__Exercise input__:
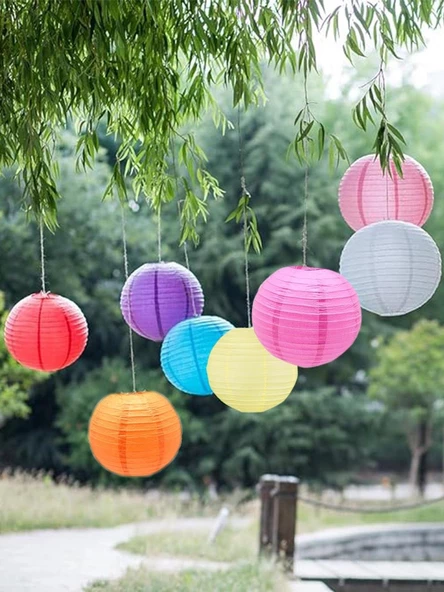 Japon Feneri Mavi 20 cm - Resim 2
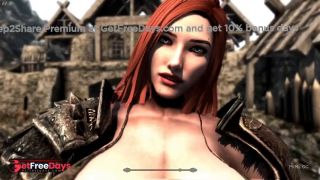 [GetFreeDays.com] Cute Redhead grows into goddess and has fun with the city - Skyrim Giantess Sex Stream July 2023-1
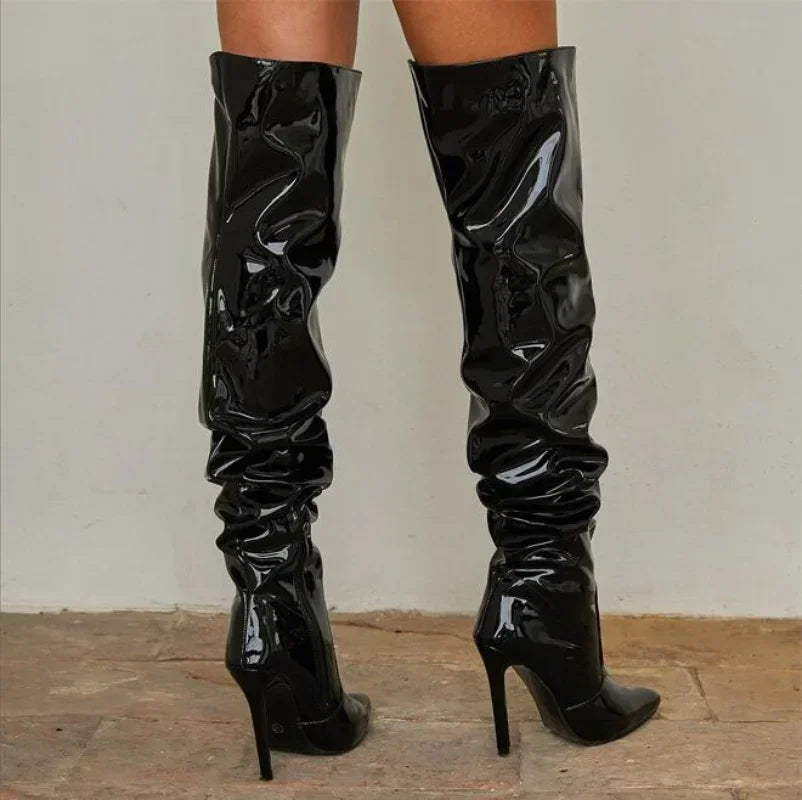 Hoochie Couture Over-the-Knee Boots – Fierce, Flirty & Sky-High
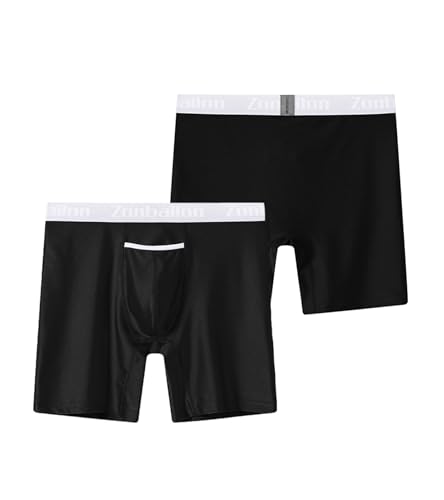 JINSHI Men's Ice Silk Boxer Briefs Horizontal Fly Bulge Enhancing Underwear Stretchy Seamless Casual Trunks Shorts2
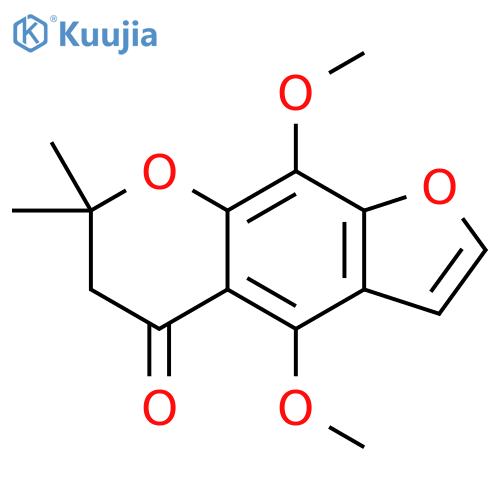 5H-Furo[3,2-g][1]benzopyran-5-one,6,7-dihydro-4,9-dimethoxy-7,7-dimethyl- structure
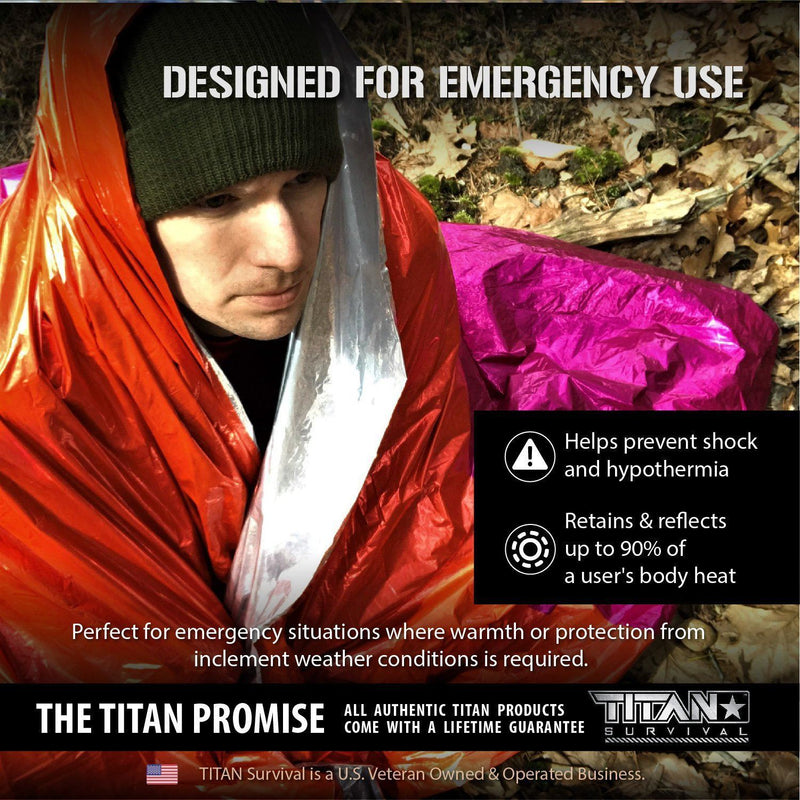 Load image into Gallery viewer, XL Emergency Survival Blankets, 5-Pack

__Activity__:
Give the entries again, exactly and in full, with no image included.

__Written solution__:
 Japon Feneri Mavi 20 cm - Resim 2
 [GetFreeDays.com] Cute Redhead grows into goddess and has fun with the city - Skyrim Giantess Sex Stream July 2023-1
 Hoochie Couture Over-the-Knee Boots – Fierce, Flirty & Sky-High
 JINSHI Men's Ice Silk Boxer Briefs Horizontal Fly Bulge Enhancing Underwear Stretchy Seamless Casual Trunks Shorts2
 5H-Furo[3,2-g][1]benzopyran-5-one,6,7-dihydro-4,9-dimethoxy-7,7-dimethyl- structure
 Load image into Gallery viewer, XL Emergency Survival Blankets, 5-Pack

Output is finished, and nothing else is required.